Tomi Ungerer, auteur de classiques de la littérature jeunesse, a bercé notre enfance, avec ses ogres, ses serpents et ses brigands. Des brigands déjà adaptés avec talent au cinéma en 2007 par l’Allemand Hayo Freitag. Le réalisateur expliquait alors que Tomi Ungerer avait été difficile à convaincre, tant il n’aime pas son travail ancien. Le dessinateur polyglotte l’explique avec infini détail dans le documentaire qui lui est consacré, en salle depuis le 19 décembre, Tomi Ungerer, l’esprit frappeur. Un documentaire fin et intelligent, où le dessinateur s’ouvre sur toutes les facettes de son travail et de sa vie : jeune Alsacien sous le joug allemand pendant la guerre puis sous le joug français de l’après-guerre, ou jeune homme profitant du parfum de liberté new-yorkais des années 1960. Tomi Ungerer raconte. Comme il le faisait dans ses livres. Avec une liberté de ton, une bonne dose d’humour et une certaine émotion.
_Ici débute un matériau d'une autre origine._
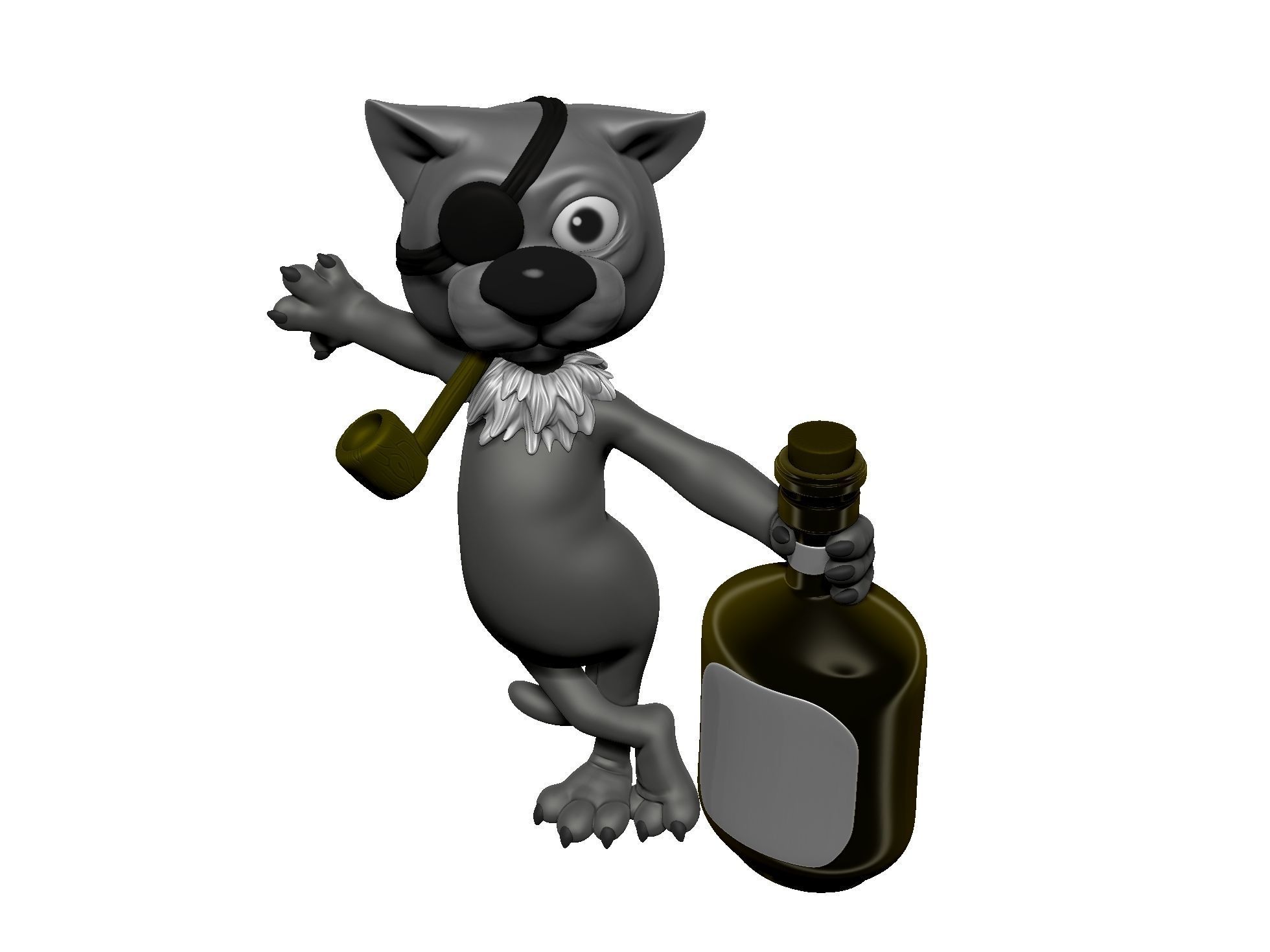 Billy Bones cat for 3D printing STL 3D print model_9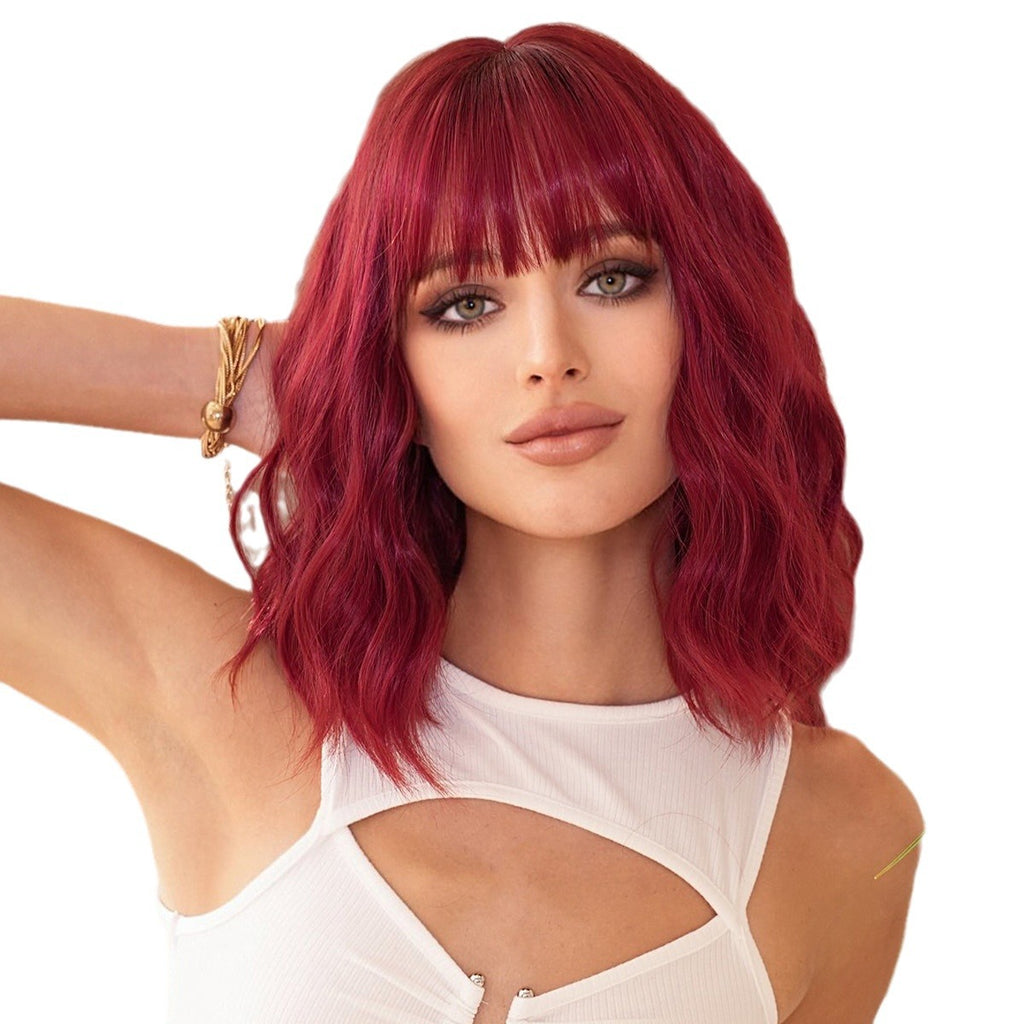 White Smoke 12-Inch Wine Red Water Wave Bob - Everyday Fashion (Short Bangs) (FEVERCOS)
Alors que sur l’écran, ses dessins prennent vie avec une animation plutôt enjouée, il explique ses influences et ses ambitions. Et on comprend pourquoi avec lui, la littérature enfantine est drôle et intelligente. On comprend et on découvre aussi. Qu’il a signé des affiches politiques. Qu’il a exposé des dessins érotiques. Ce qui lui a valu d’être banni des bibliothèques américaines, pas fans du mélange des genres. C’est pourtant ce qui fait son sel. Cette manière de mettre de l’humour dans le politique, de l’intelligence dans l’enfance, et de la poésie dans l’érotisme. Dans ce documentaire, celui qui avait signé des dessins enfouis dans l’inconscient de nos mémoires d’enfants de cinq ans devient un artiste complet. Dessinateur et sculpteur, conteur militant, homme épicurien. A plus de 80 ans, il garde cet œil vif, qui peut parfois se voiler avec émotion, et cette envie de défendre son identité bringuebalée. L’esprit frappeur de Tomi Ungerer n’a pas fini de nous hanter.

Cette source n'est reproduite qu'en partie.